Finally, we optimized the true-color rendering case. Here, the problem is simply to convert pixels from the YUV color space to RGB. Typically, this involves a linear transformation requiring four scalar multiplications and six conditionals. Inspired by the approach in [35], vic uses an algorithm that gives full 24-bit resolution using a single table lookup on each U-V chrominance pair and performs all the saturation checks in parallel. The trick is to leverage off the fact that the three coefficients of the Y term are all 1 in the linear transform. Thus we can precompute all conversions for the tuple (0, U, V) using a 64KB lookup table, T. Then, by linearity, the conversion is simply (R, G, B) = (Y, Y, Y) + T(U, V).

A final rendering optimization is to dither only the regions of the image that change. Each decoder keeps track of the blocks that are updated in each frame and renders only those blocks. Pixels are rendered into a buffer shared between the X server and the application so that only a single data copy is needed to update the display with a new video frame. Moreover, this copy is optimized by limiting it to a bounding box computed across all the updated blocks of the new frame.

4.4 Privacy

To provide confidentiality to a session, vic implements end-to-end encryption per the RTP specification. Rather than rely on access controls (e.g., scope control in IP Multicast), the end-to-end model assumes that the network can be easily tapped and thus enlists encryption to prevent unwanted receivers from interpreting the transmission. In a private session, vic encrypts all packets as the last step in the transmission path, and decrypts everything as the first step in the reception path. The encryption key is specified to the session participants via some external, secure distribution mechanism.

Vic supports multiple encryption schemes with a C++ class hierarchy.
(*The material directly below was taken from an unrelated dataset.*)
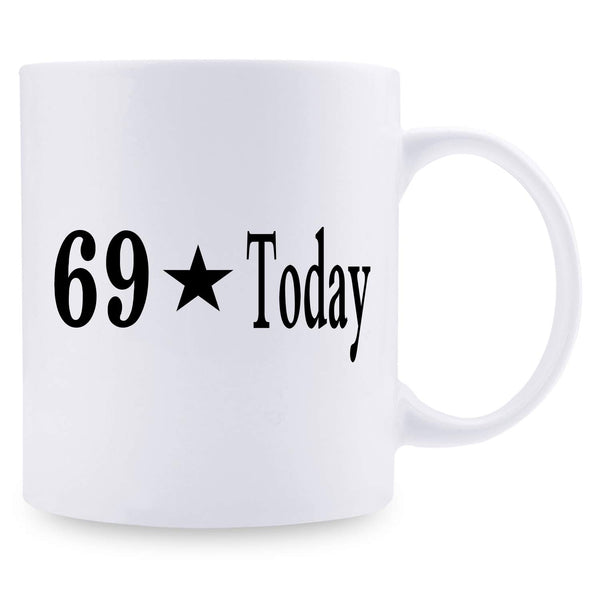 69th Birthday Gifts for Women - 1950 Birthday Gifts for Women, 69 Years Old Birthday Gifts Coffee Mug for Mom, Wife, Friend, Sister, Her, Colleague, Coworker - 11oz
By default, the Data Encryption Standard (DES) in cipher block chaining mode [1] is employed. While weaker forms of encryption could be used (e.g., those based on linear feedback shift registers), efficient implementations of the DES give good performance on current hardware (measurements are given in [27]). The computational requirements of compression/decompression far outweigh the cost of encryption/decryption.

Figure 3: The Conference Bus.

4.5 The Conference Bus

Since the various media in a conference session are handled by separate applications, we need a mechanism to provide coordination among the separate processes. The ``Conference Bus'' abstraction, illustrated in Figure 3, provides this mechanism. The concept is simple. Each application can broadcast a typed message on the bus and all applications that are registered to receive that message type will get a copy. The figure depicts a single session composed of audio (vat), video (vic), and whiteboard (wb) media, orchestrated by a (yet to be developed) coordination tool (ct).

A complete description of the Conference Bus architecture is beyond the scope of this paper. Rather, we provide a brief overview of the mechanisms in vic that support this model.

Voice-switched Windows. A feature not present in the other MBone video tools is vic's voice-switched windows. A window in voice-switched mode uses cues from vat to focus on the current speaker. ``Focus'' messages are broadcast by vat over the Conference Bus, indicating the RTP CNAME of the current speaker. Vic monitors these messages and switches the viewing window to that person. If there are multiple voice-switched windows, the most recent speakers' video streams are shown. Because the focus messages are broadcast on the Conference Bus, other applications can use them for other purposes. For example, on a network that supports different qualities of service, a QoS tool might use the focus message to give more video bandwidth to the current speaker using dynamic RSVP filters [5].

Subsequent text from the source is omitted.